Ohio House Committee Passes Ban On Abortion After Down Syndrome Diagnosis
An Ohio House committee has passed a bill that would make the state the third in the country to ban abortion after a Down Syndrome diagnosis has been made. Doctors who perform abortions after that point would be held liable and could lose their licenses to practice.
After the bill cleared the House Health Committee, Ohio Right to Life president Mike Gonadakis praised the committee’s vote.
“The government spoke loudly today that we are going to stop discriminating against people with disabilities,” Gonadakis said.

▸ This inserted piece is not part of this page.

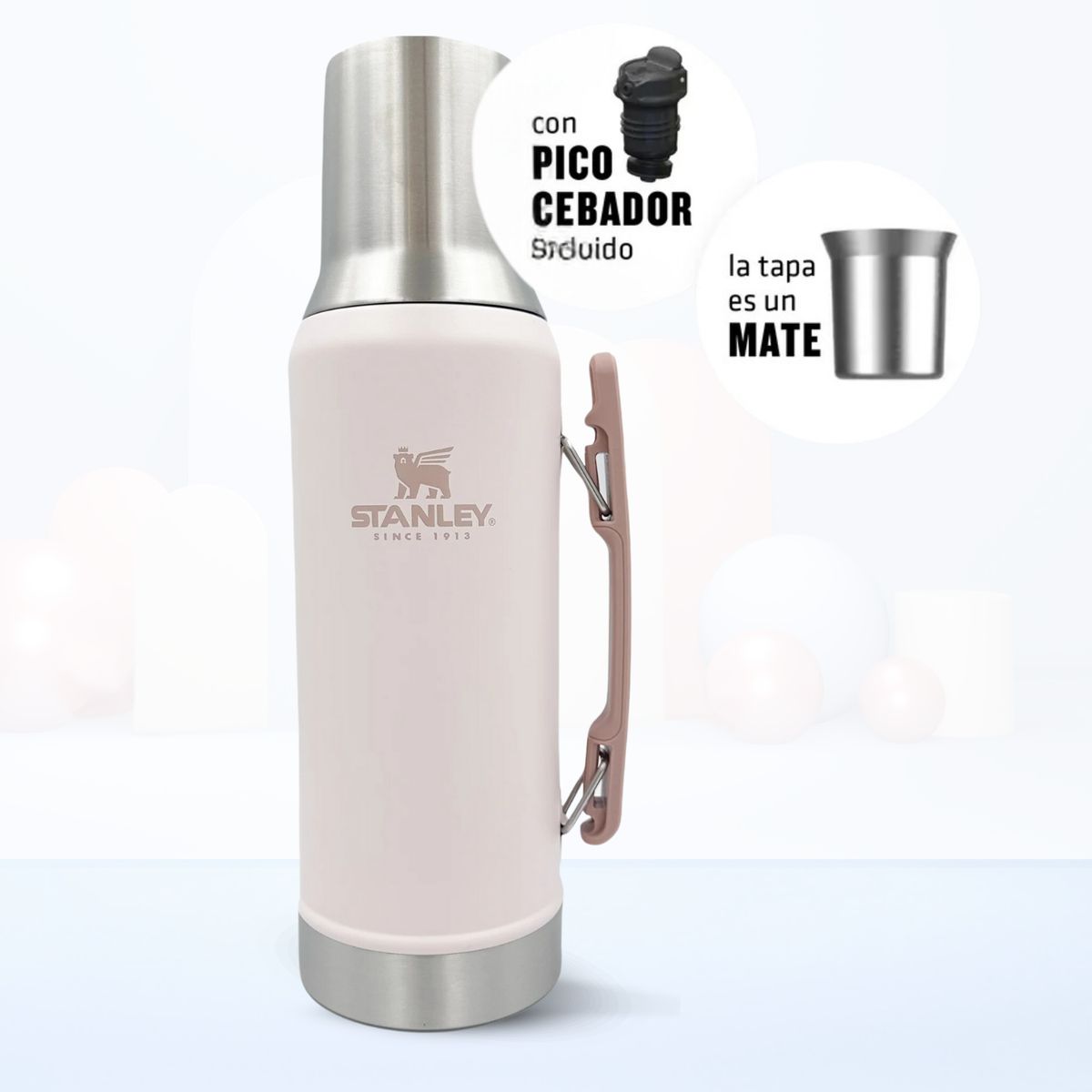 STANLEY - Termo de Bebida Mate System Rosa Quartz Stanley 1.2 L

Advocates of the measure contend terminating pregnancies in such cases is a form of discrimination stemming from misinformation and society's growing perfectionism. Pregnant women would face no criminal liability under the bill.
After that vote, opponents of the bill went to the Speaker’s office and unfurled large banners made from petitions signed by more than 2,000 people against the legislation. NARAL ProChoice Ohio and Planned Parenthood argue the bill is part of a broader effort to restrict women's access to legal abortions.
NARAL ProChoice Ohio’s Jaime Miracle says the legislature needs to focus its efforts differently.
“It should be making sure that these families have access to the health care services they need when facing a diagnosis like Down Syndrome during pregnancy or any other diagnosis,” Miracle said.
A federal court recently struck down a similar law in Indiana that included additional provisions. This bill now goes to the full House for consideration.
After Gov. John Kasich last year approved a ban on abortions after 20 weeks, the Ohio Statehouse took up several more abortion restriction proposals, including the controversial Heartbeat Bill - which Kasich previously vetoed - and a ban on a common abortion procedure.